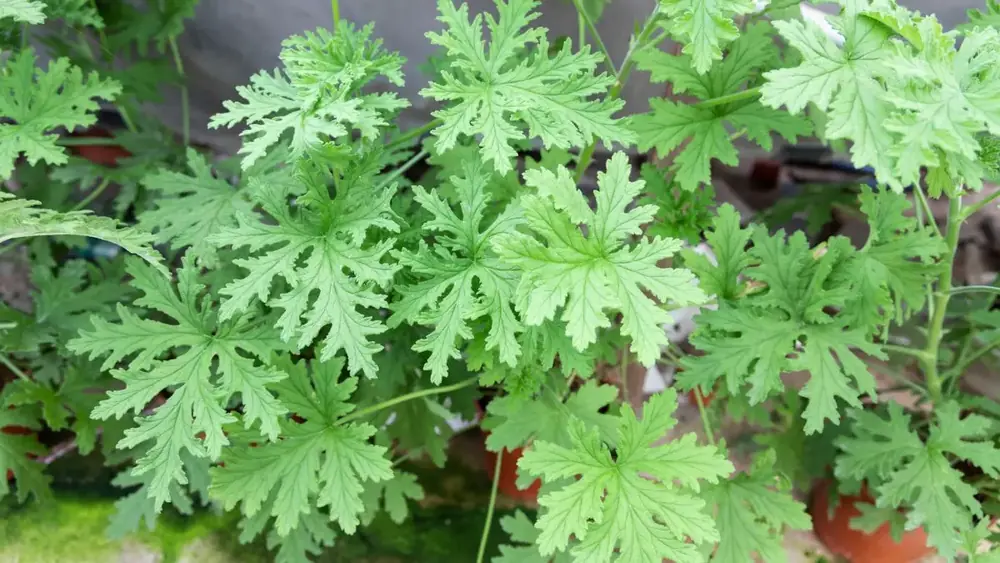 Plantas repelentes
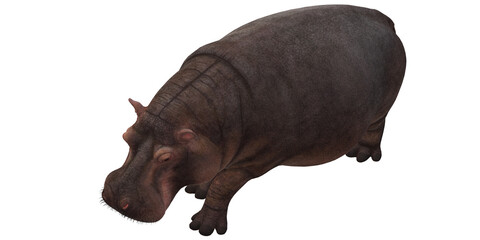 Hippopotamus isolated on a Transparent Background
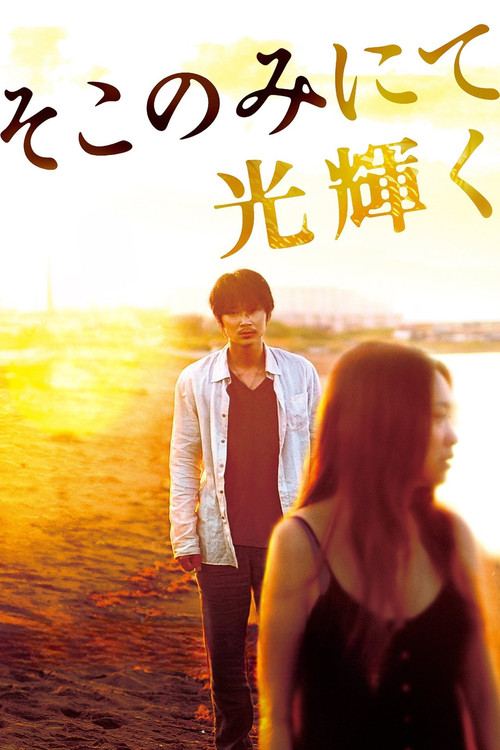 Póster de そこのみにて光輝く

◆ What to work on:
Without the pictures, write out the listing exactly as it appears above.

◆ Answer section:
 Plantas repelentes
 Hippopotamus isolated on a Transparent Background
 Póster de そこのみにて光輝く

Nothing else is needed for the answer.